I am a NVIDIA developer working on paralleling the computation of deep neural networks with cuDNN. I launch two functions of “cudnnConvolutionForward” in two different CUDA streams with no data-dependent (the GPU is Telsa P100, the CUDA version is 7.5, the cuDNN version is 5.0.5, and the OS is ubuntu14.04). The Nsight Eclipse is used to develop and profile the program. I hope that GPU can process perfectly these two functions in parallel.
Condition 1: However, what I can see with Nsight is that these two functions cannot be processed perfectly in parallel, the overlap rate is small.

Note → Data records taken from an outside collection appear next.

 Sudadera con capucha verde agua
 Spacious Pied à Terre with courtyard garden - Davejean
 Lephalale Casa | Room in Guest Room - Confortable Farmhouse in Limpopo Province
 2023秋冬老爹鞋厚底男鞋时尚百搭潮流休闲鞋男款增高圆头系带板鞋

Condition 2: When I try to reduce the volume of input data (computation data), the overlap rate seems to be better.
According to the two conditions shown above, I get the conclusion that the limited resources of GPU should be responsible for the small overlap rate of the two functions.

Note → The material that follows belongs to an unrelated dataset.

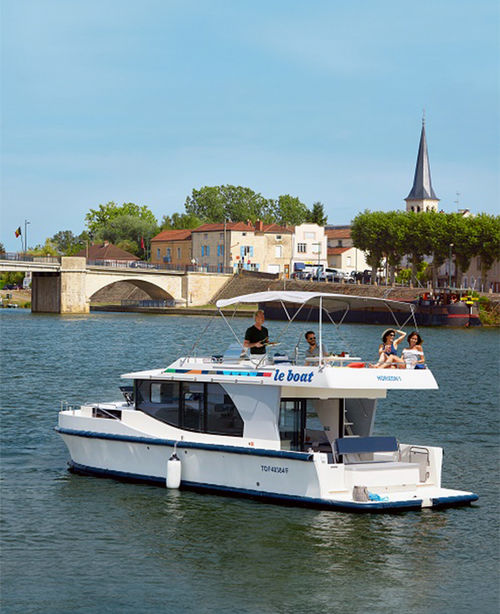 Le Boat expands fleet of self-drive yachts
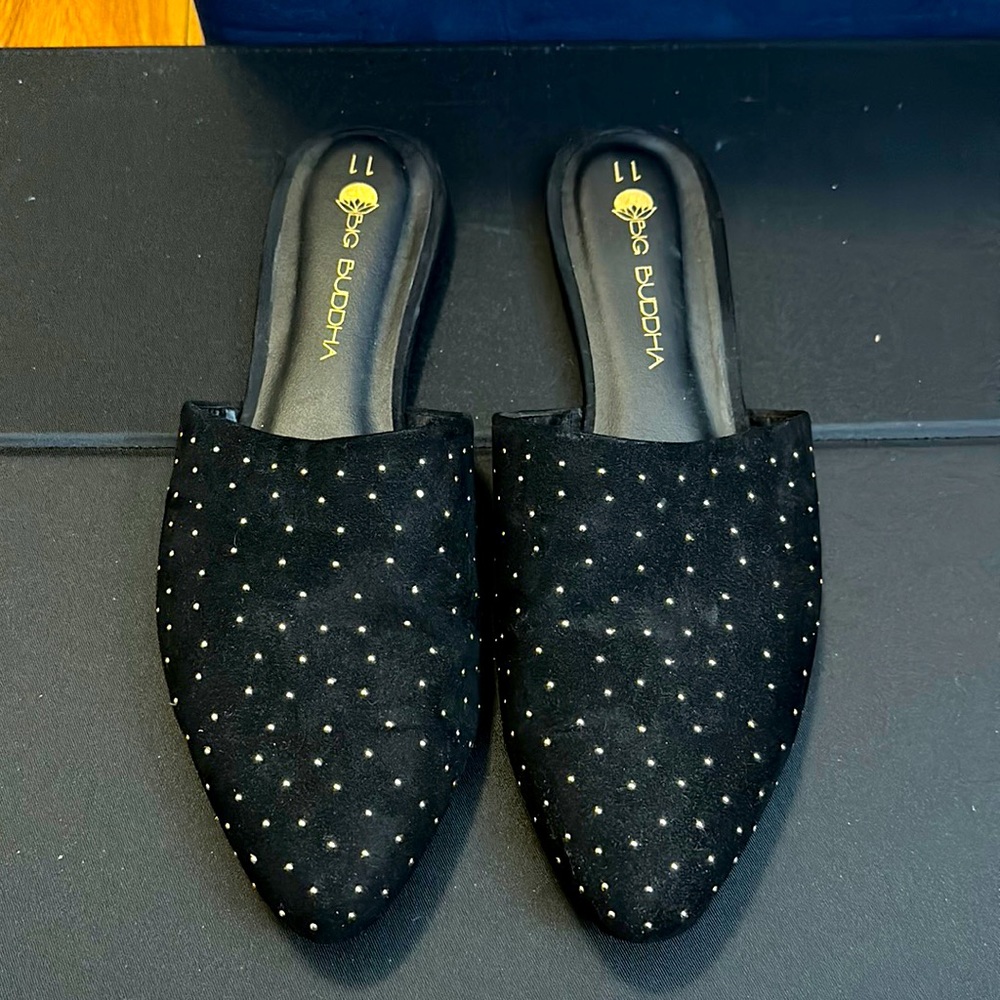 Black mule flats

There are some questions that I need your help.
b Is the above conclusion correct?
(2) If the above conclusion is right, can you tell that which resources of GPU limit the parallelism?

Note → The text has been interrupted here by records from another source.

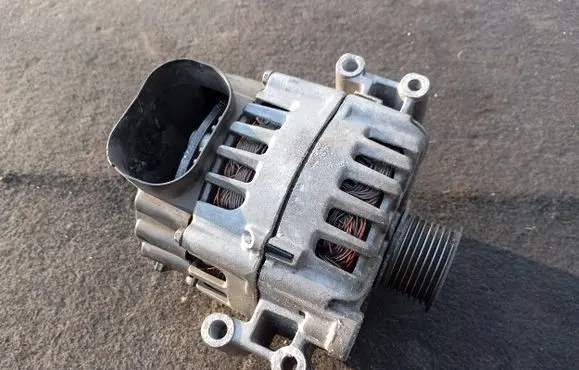 BMW X6 E71 Generator/alternator 7575344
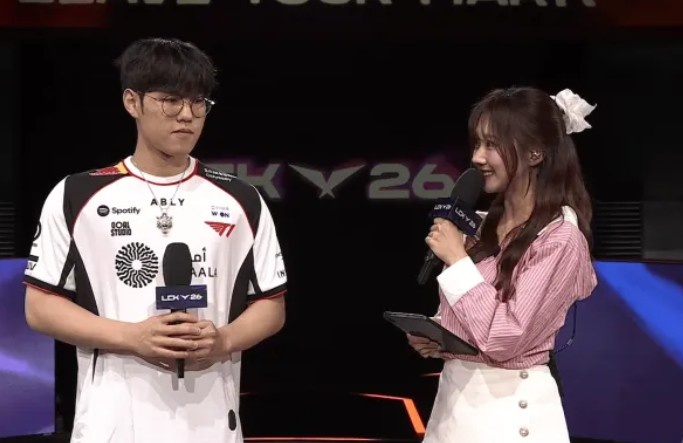 Oner：上场输得太无力，从BP到操作都花了很多时间一起讨论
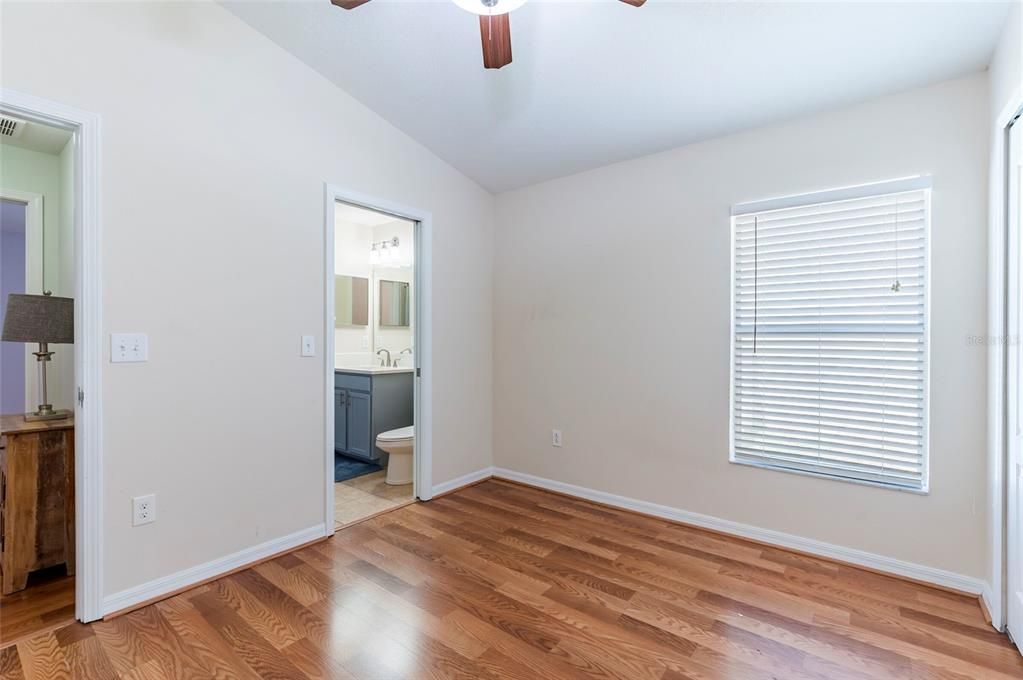 For Sale: $364,000 (4 beds, 3 baths, 2008 Square Feet)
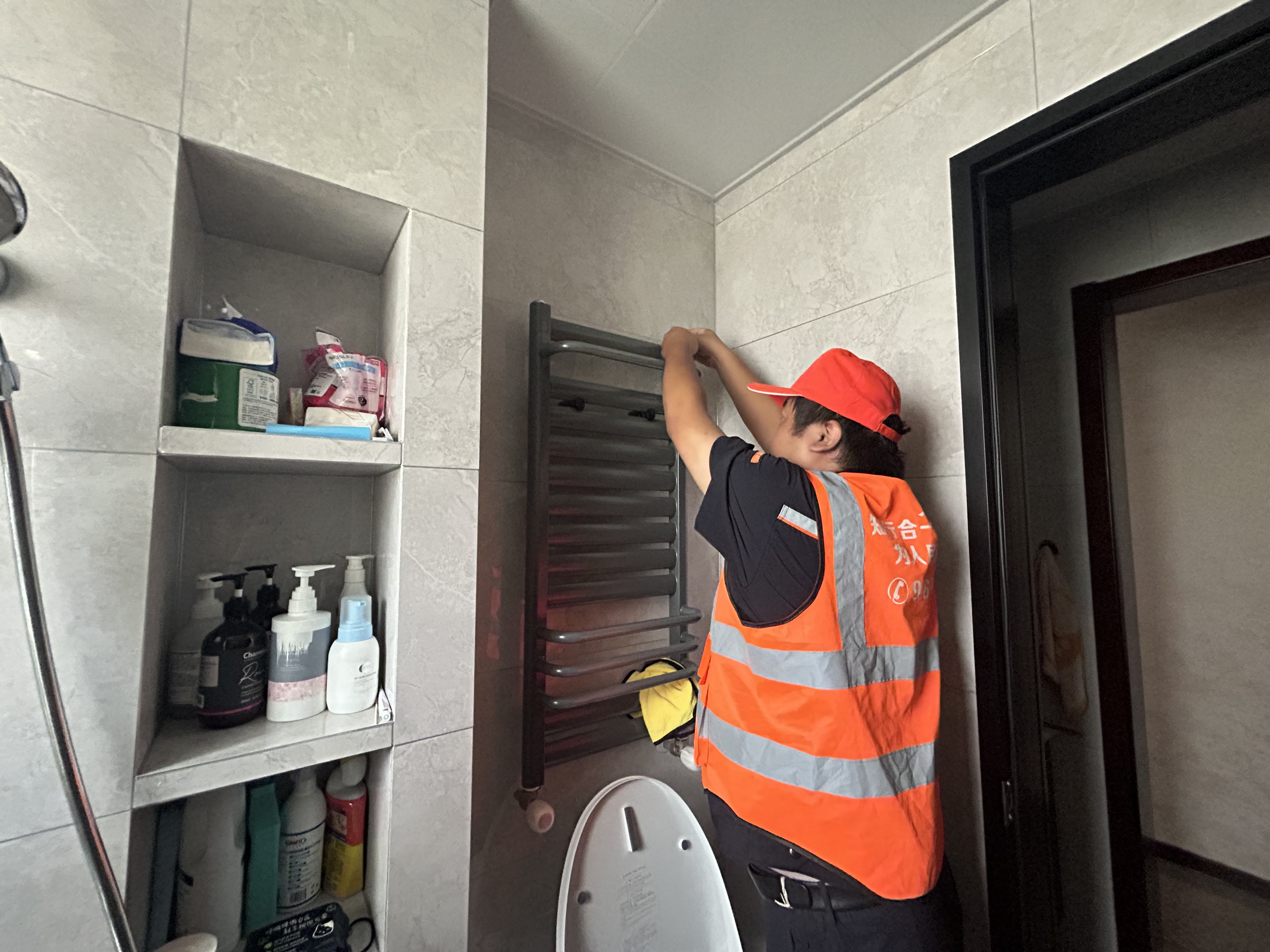 鉴黑担保网(jhdbw)·最具权威唯一维权担保平台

(3) When I watch the resources of GPU with the command of ‘nvidia-smi’ during the running of the program, the result of ‘nvidia-smi’ shows that the value of ‘Volatile GPU-Util’ is less than 70% even in Condition 1. Hence, I doubt the above conclusion. Are there any other factors (such as some constraints come from cuDNN or CUDA streams)?
(4) Can you give me some reference materials about cuDNN or CUDA streams?[/b]
Thank you very much!
Best wishes to you!